Question

Finding the Middle Spaces in the Field

10 years ago
12 February 2014
22 replies
1 view

parashari
132 replies

I am working on an XP machine with FME'13 and I have a Address field and I have to find the spaces(middle spaces and not the left and right ) in each and every row.

St. Petters Road is the valid space(it need not be flagged); but

St.

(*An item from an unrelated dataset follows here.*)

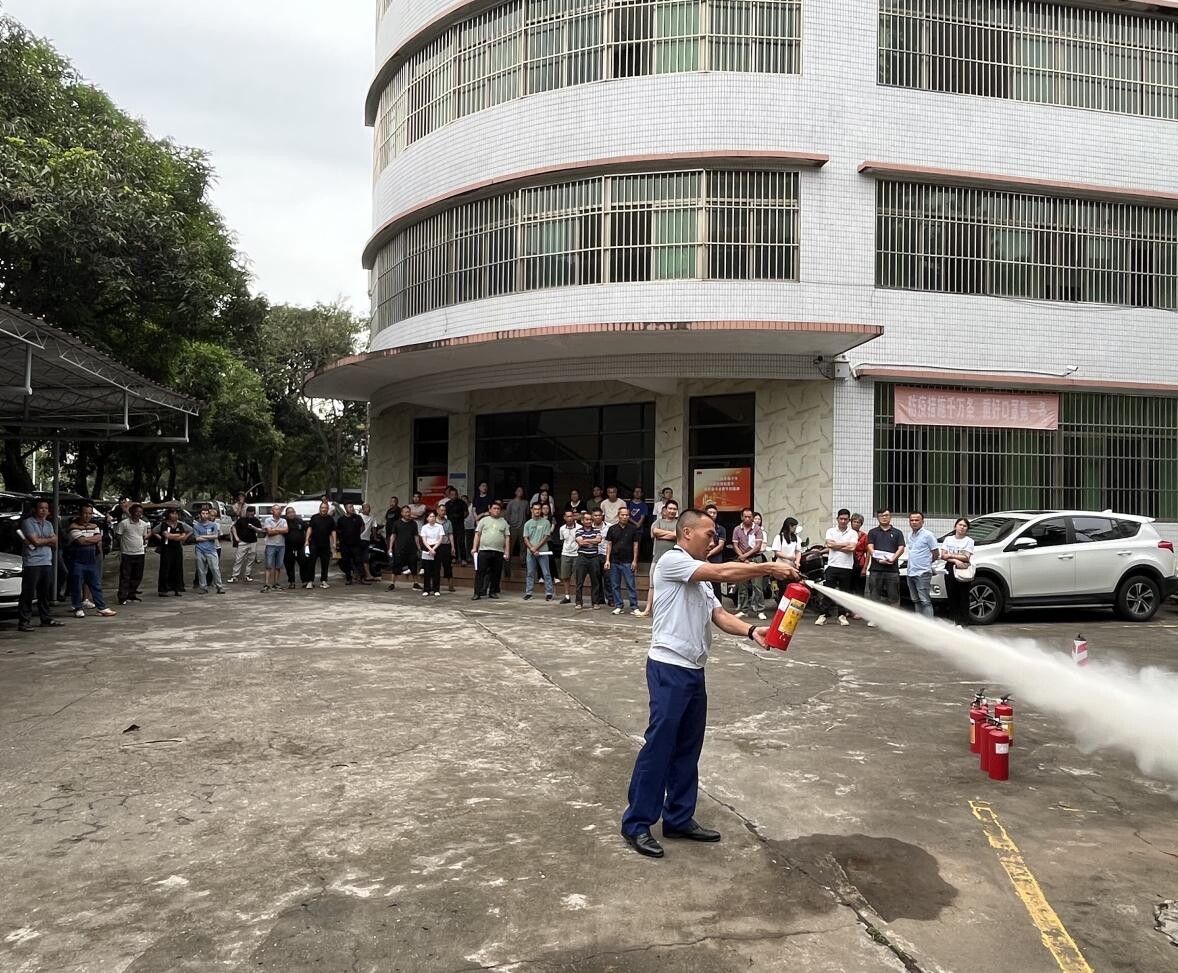 開平市科工商務局組織召開再生資源回收行業(yè)安全生產(chǎn)、消防培訓會議.docx_2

Pe tters Road is invalid,

and I need to flag the invalid attributes in a new column as 0 and 1

Can we do that with transformers ?

22 replies

Userlevel 2

+17

takashi
Contributor
7538 replies
10 years ago
12 February 2014

If valid format can be defined strictly as "3 words which are separated by white space", these two ways are possible.

1. AttributeSplitter + ListElementCounter + Tester

1) Split the string at white space (AttributeSplitter).

2) Count output list elements (ListElementCounter).

3) Determine if number of elements is 3 (Tester).

2. StringSearcher

This regular expression matches with the valid format.

-----

^([^\\s]+)\\s([^\\s]+)\\s([^\\s]+)$

-----

Features having valid address will go to MATCHED port.

There should be several other approaches.

Hi Takashi,

Thanks for the reply.

No, there is no certain limit of words for the address. It can be a signle word or as long as 10 words.

Userlevel 2

+17

takashi
Contributor
7538 replies
10 years ago
12 February 2014

If you have to inspect them by viewing with your eyes, how do you determine whether an address is valid or not?

If the way to determine can be clarified, it's possible to perform it with machine. Otherwise, it would be difficult.

Userlevel 2

+17

takashi
Contributor
7538 replies
10 years ago
12 February 2014

Considerations:

A valid word always begins with upper case and also an invalid word always begins with lower case?

Do you have a list of valid words?

and so on.

Userlevel 4

+13

fmelizard
Contributor
3701 replies
10 years ago
12 February 2014

or just evaluate each space......not something I would try to automate unless extra information is available.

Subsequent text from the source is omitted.